··· THE DATA ···

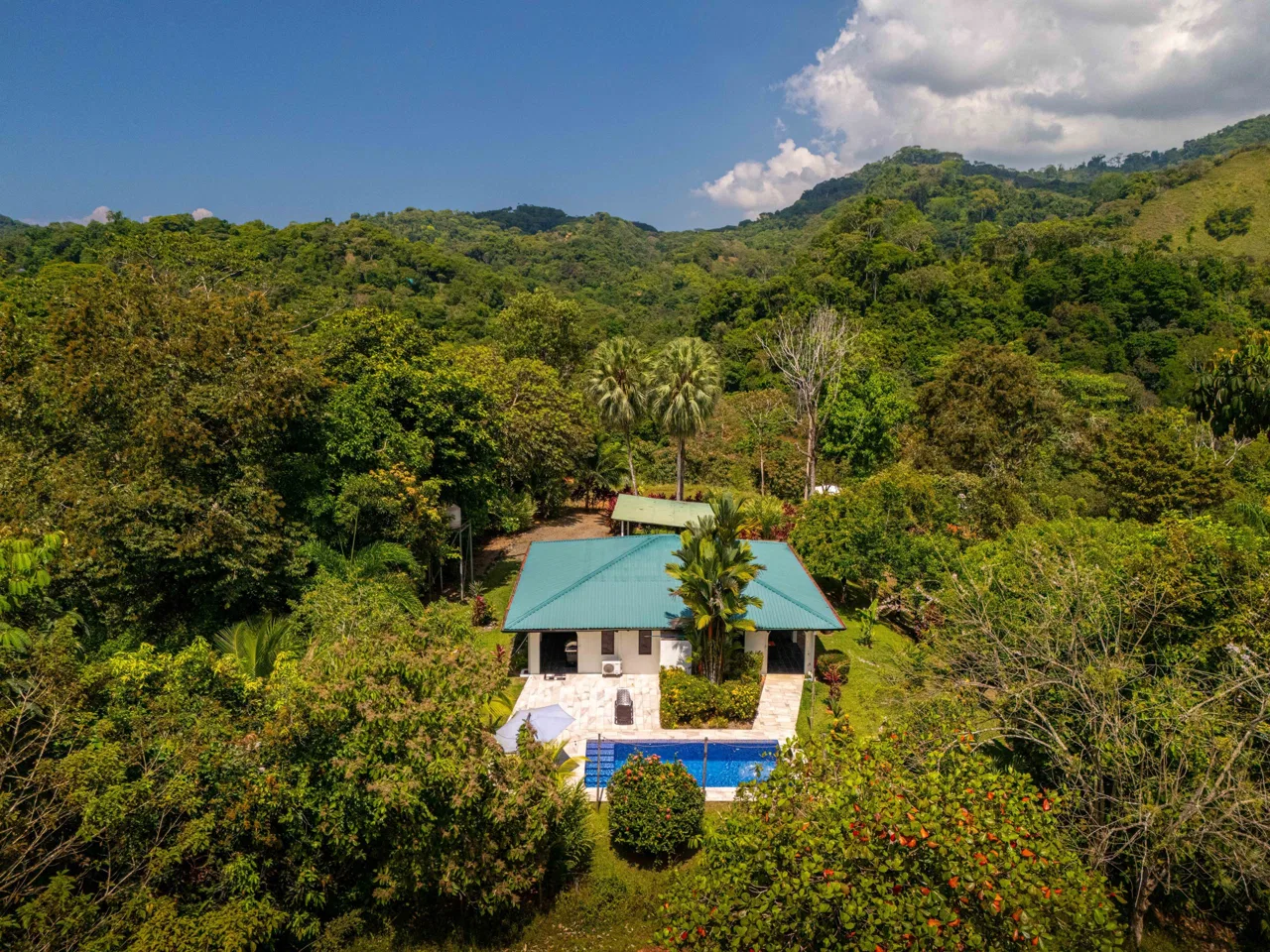 CASA TUCAN PROPERTY IN THE MIDDLE OF THE NATURE, IN TRES RIOS – 1.18 ACRES, photo 5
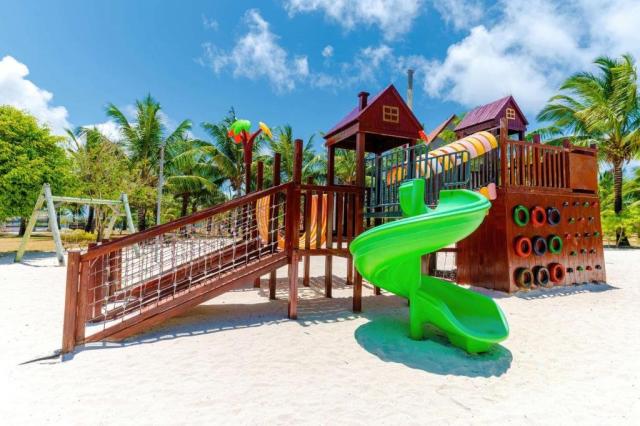 Hotel Crystals Beach Resort Belle Mare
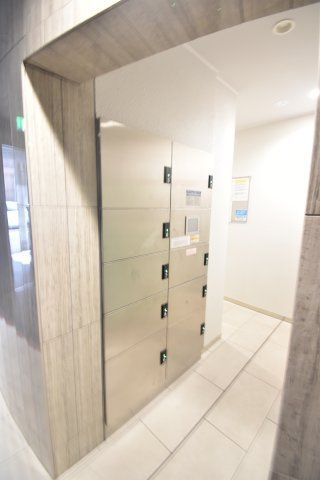 セレニテ九条リアンのその他共用部分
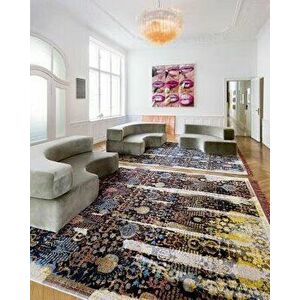 Handmade Carpet: A Comprehensive Guide to Contemporary Rugs, Hardcover - Fritz Langauer imagine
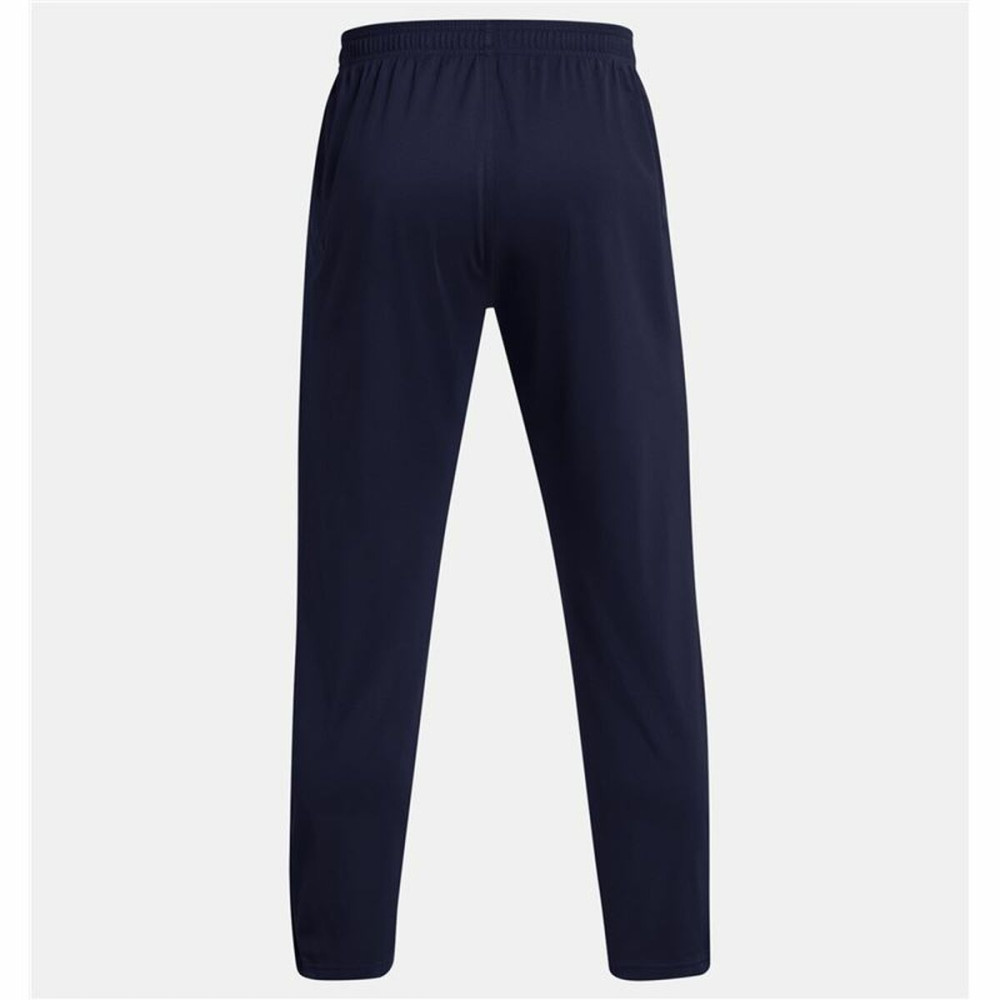 Football Training Trousers for Adults Under Armour Challenger Pique Men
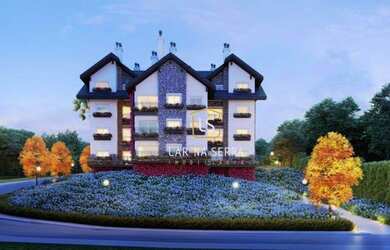 Imagem 6: Apartamento à venda, 105 m² por R$ 990.000,00 - Vila Suíça - Gramado/RS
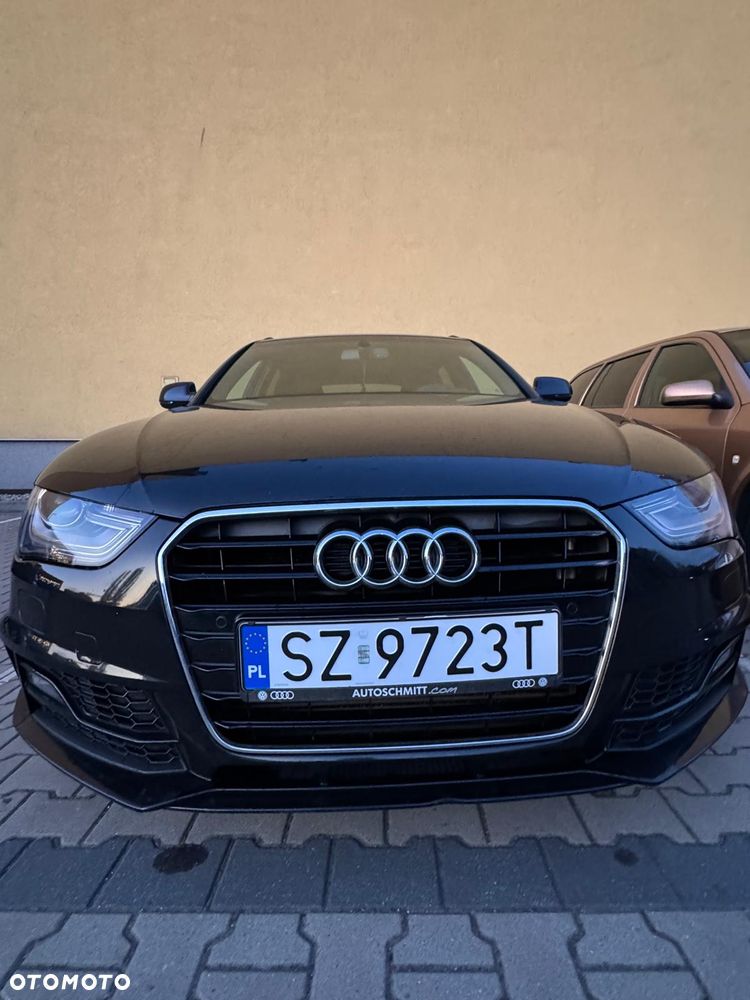 Audi A4 Avant - 7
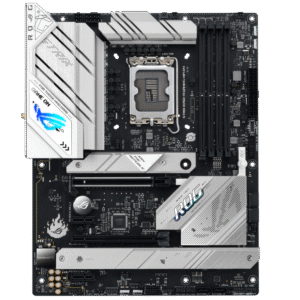Placa de bază ASUS ROG STRIX B760-A DDR4 WIFI LGA1700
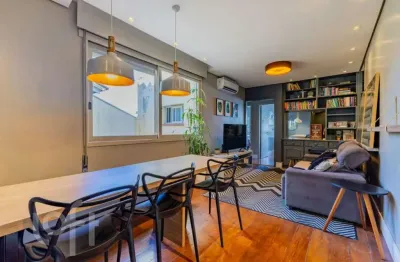 Apartamento com 3 quartos à venda na rua doutor eduardo chartier, 379, higienópolis, porto alegre, 186 m2 por r$ 630.000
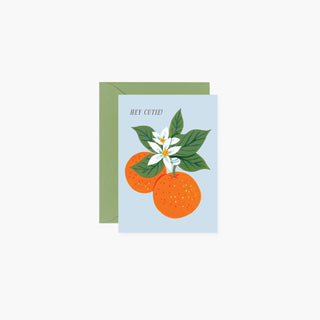CUTIE | mini card - Botanica Paper Co.®
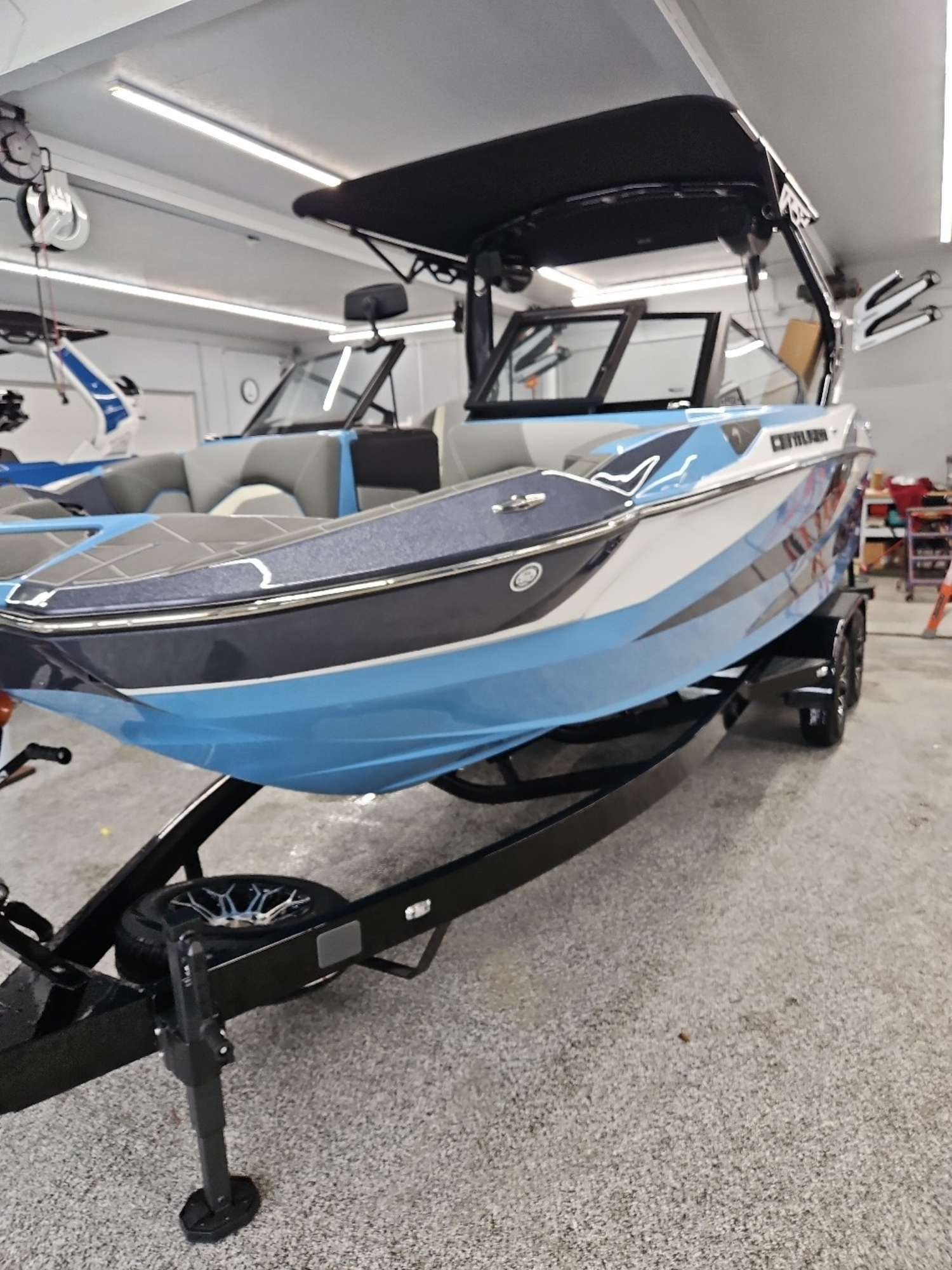 2025 Centurion Fe 22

···

_TASK OBJECTIVE:_
Everything from the line containing "Apartamento com 3" to the last line of the listing above is to be written out exactly, except the pictures, and nothing else.

_REPLY TO THE TASK:_
 Apartamento com 3 quartos à venda na rua doutor eduardo chartier, 379, higienópolis, porto alegre, 186 m2 por r$ 630.000
CUTIE | mini card - Botanica Paper Co.®
 2025 Centurion Fe 22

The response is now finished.